6. The clean room system of claim 1, wherein the utility panel is located on a ceiling of the modular building structure.

7. The clean room system of claim 1, further comprising:

a gas pipe extending laterally over the modular building structure and connecting the pressurized gas connections; and

a water pipe juxtaposed with the gas pipe and extending laterally over the modular building structure, and connecting a connector of water.

8. The clean room system of claim 1, further comprising:

an electrical conduit extending laterally across the modular building structure and connecting the power outlets; and

a data cable extending laterally across the modular building structure and connecting connectors of data.

9. The clean room system of claim 8, wherein the electrical conduits comprise flexible conduits and junction boxes between the modular building structures.

10. The clean room system of claim 1, wherein each modular building structure further comprises:

a vent opening into the interior;

an air handling duct connected to the vent; and

the clean room system comprises a duct system extending transversely across the modular building structure and connecting the ventilation openings.

11. The clean room system of claim 1, wherein the large sealable sterilizable clean room comprises areas uninterrupted by pillars or structural walls.

12. A method of assembling a modular building structure into a larger dance hall clean room, the method comprising:

positioning a plurality of modular building structures side-by-side with respect to one another, each modular building structure having a longitudinal dimension and a transverse dimension, each modular building structure comprising:

a floor, a ceiling and at least two walls defining an interior;

removing the cinching lug from the hollow tube;

inserting a tensile cable through the hollow tubes of side-by-side modular building structures;

tensioning the tension cables to couple the modular building structures together and form a large sealable, sterilizable clean room; and

connecting the utility panels of the side-by-side modular building structures, wherein the utility panels of the modular building structures are aligned with each other inside the clean room.

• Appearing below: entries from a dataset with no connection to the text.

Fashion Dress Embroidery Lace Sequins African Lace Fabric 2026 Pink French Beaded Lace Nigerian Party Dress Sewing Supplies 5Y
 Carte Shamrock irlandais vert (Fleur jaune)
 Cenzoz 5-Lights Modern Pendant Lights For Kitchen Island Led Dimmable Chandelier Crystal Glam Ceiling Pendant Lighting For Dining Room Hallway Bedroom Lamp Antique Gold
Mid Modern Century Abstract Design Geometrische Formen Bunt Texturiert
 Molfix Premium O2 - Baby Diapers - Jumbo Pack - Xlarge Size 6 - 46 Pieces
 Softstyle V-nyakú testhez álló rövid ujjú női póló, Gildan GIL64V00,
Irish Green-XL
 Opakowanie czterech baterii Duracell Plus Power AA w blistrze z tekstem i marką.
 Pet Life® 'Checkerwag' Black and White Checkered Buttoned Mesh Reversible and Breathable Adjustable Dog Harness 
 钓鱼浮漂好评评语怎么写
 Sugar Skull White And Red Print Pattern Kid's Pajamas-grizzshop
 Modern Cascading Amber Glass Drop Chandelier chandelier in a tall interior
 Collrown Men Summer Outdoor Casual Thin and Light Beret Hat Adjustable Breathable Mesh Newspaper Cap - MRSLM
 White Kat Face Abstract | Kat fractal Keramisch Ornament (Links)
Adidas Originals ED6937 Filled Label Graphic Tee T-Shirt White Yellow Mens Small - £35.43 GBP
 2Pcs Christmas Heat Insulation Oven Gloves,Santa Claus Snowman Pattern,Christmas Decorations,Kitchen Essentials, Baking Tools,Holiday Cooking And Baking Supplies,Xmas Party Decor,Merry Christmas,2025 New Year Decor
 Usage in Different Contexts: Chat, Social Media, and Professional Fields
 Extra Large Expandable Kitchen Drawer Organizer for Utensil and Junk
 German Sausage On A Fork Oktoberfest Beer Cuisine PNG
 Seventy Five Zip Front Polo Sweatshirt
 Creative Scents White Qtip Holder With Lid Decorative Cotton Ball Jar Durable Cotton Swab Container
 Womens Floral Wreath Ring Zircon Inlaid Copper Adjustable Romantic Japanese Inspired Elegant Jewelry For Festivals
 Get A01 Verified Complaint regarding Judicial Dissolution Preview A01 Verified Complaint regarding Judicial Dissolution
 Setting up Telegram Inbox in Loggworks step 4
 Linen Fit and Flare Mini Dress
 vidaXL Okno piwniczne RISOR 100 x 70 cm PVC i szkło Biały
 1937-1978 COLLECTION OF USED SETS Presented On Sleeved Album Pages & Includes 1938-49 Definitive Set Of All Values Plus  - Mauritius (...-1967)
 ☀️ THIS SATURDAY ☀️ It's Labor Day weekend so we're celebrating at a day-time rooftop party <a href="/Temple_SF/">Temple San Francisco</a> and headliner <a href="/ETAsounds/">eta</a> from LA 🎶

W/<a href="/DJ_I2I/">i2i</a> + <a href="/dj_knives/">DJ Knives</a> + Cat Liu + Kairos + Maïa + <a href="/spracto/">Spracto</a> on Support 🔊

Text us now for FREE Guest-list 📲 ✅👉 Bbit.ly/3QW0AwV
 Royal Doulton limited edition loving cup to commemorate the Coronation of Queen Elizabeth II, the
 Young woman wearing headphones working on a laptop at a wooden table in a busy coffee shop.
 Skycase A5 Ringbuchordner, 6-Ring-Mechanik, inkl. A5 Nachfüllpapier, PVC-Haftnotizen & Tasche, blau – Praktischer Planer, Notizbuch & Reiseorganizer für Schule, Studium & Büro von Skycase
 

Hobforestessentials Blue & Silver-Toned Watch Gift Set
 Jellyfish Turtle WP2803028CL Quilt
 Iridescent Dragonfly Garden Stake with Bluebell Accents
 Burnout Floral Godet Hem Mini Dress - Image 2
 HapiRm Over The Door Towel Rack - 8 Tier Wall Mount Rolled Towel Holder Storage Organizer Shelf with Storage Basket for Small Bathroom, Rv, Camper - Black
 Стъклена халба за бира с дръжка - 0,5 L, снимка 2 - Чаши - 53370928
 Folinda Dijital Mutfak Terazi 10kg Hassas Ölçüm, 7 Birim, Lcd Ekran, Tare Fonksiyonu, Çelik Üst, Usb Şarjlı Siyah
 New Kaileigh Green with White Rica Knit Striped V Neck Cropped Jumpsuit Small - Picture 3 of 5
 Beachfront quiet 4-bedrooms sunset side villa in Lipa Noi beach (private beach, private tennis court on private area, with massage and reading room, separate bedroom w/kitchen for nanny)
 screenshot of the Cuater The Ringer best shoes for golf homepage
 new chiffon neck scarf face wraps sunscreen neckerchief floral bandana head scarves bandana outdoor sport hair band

13. The method of claim 12, further comprising:

pressurizing an air bearing under the floor of each modular building structure to support the modular building structure on a cushion of air during tensioning.

14. The method of claim 12, wherein the number and type of connectors in each group is substantially uniform between utility panels in different modular building structures.

15. The method of claim 12, wherein the utility panel is located on a ceiling of the modular building structure.

16. The method of claim 12, wherein the connecting comprises:

connecting the pressurized gas connection with a gas pipe extending laterally over the modular building structure; and

connecting a water connection to a water pipe juxtaposed to the gas pipe and extending laterally over the modular building structure.

17. The method of claim 12, wherein the connecting comprises:

connecting the power outlet to an electrical conduit extending laterally across the modular building structure; and

connecting a connector for data with a data cable extending laterally across the modular building structure.

18. The method of claim 17, wherein the electrical conduits comprise flexible conduits and junction boxes between the modular building structures.

19. The method of claim 12, wherein each modular building structure further comprises a vent opening to the interior and an air handling duct connected to the vent opening, the method further comprising:

connecting the vent with a duct system extending laterally across the modular building structure.

20. The method of claim 12, wherein the large sealable, sterilizable clean room comprises an area uninterrupted by pillars or structural walls.